What you don’t get is, you only believe in thermodynamics because you live in a matrix that was programmed to use the laws of thermodynamics. In the real world, it would actually work, because their laws of physics weren’t designed to keep you oppressed! :smiley:

I get that. A show might have interesting characters but spotty writing. Or might be a good idea with some flaws. Or have the enthusiastic support of many current people, who saw something deeper there and can articulate that. Or some other positives.

But some things have none of these, and are not worth much further time and effort. In this case it is not worth finding out if I am wrong. I could be. But the odds are in my favour.

I understand your defence; people hated the whole first season of some shows (famously Schitt’s Creek). But a better defence would be to actually speak to Bewitched. Few do.

If The Matrix had used that explanation, that would be subject to the same scutiny as the battery story it did use.

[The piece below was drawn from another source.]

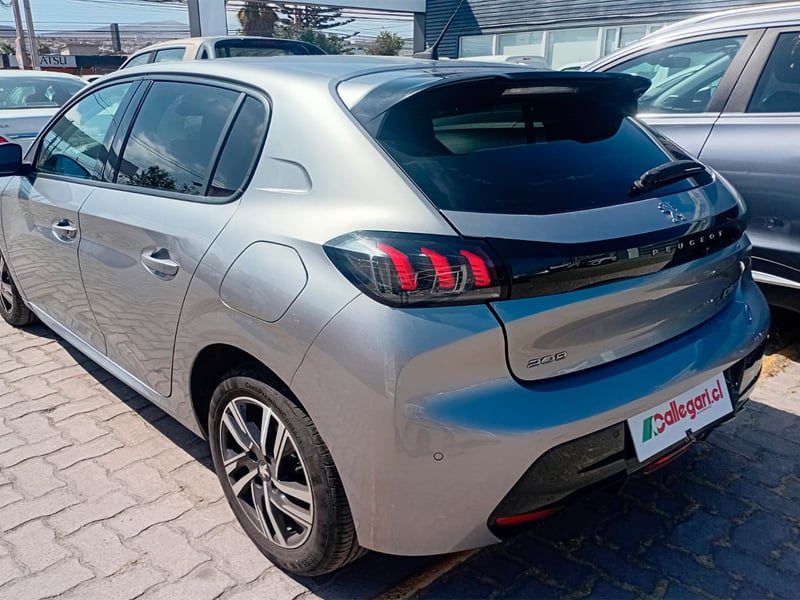 Peugeot NUEVO 208 ALLURE PACK PURETECH 130 EAT8 2024 - Imagen 10 de 11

So why would a planet full of machines need human brains for CPUs? They had enough computing power to create a planet-sized virtual environment, with a level of detail indistinguishable from reality, and billions of users interfacing with that VR and interacting with one another. The amount of computing power needed to maintain the matrix would be astronomical. Do the spare FLOPs they can scavenge from the brains plugged in to the matrix really give a net gain?

Er, no. It is reasonably plausible that the complexities of human brains give them some ability that is difficult or impossible to emulate with a given level of artificial intelligence. It flat-out violates the laws of physics for human bodies to generate more energy than can be obtained by simply burning the food they consume.

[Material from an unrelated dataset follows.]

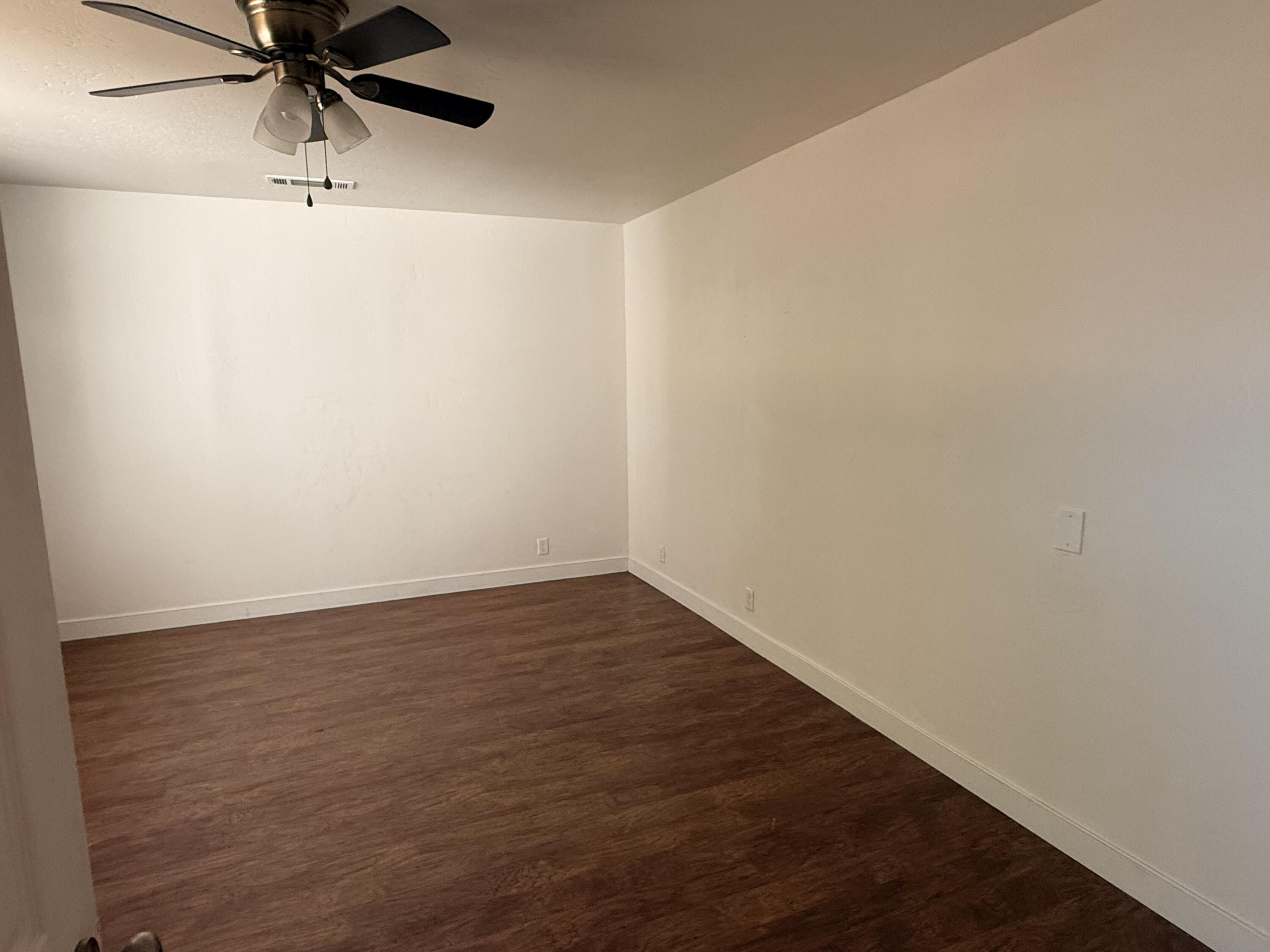 103 East Firebaugh Avenue Exeter, CA 93221 - Photo 9 of 23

Right, but why they were holding humans in a simulation wasn’t really important to the plot - if it were for energy, or for processing, or for some inexplicable AI purpose, it wouldn’t have made much of a difference. What was important was that the computers wanted to enslave humans in a virtual reality for whatever reason, and that some humans wanted to be free. Everything else was just fluff.

Anyway, I wasn’t going to let a single bad line of dialog ruin a perfectly good movie.

The computers ran on solar power before the humans burned the sky, so they need the humans to generate artificial solar power. Sort of how humans can’t eat grass, but cows can eat grass, and we can eat cows.

The best explanation I’ve heard was that Morpheus and the rest were simply wrong. The ants don’t understand why they’re in a farm.

Okay, I’ll say it. I still liked Bewitched. And not because that’s where my name came from.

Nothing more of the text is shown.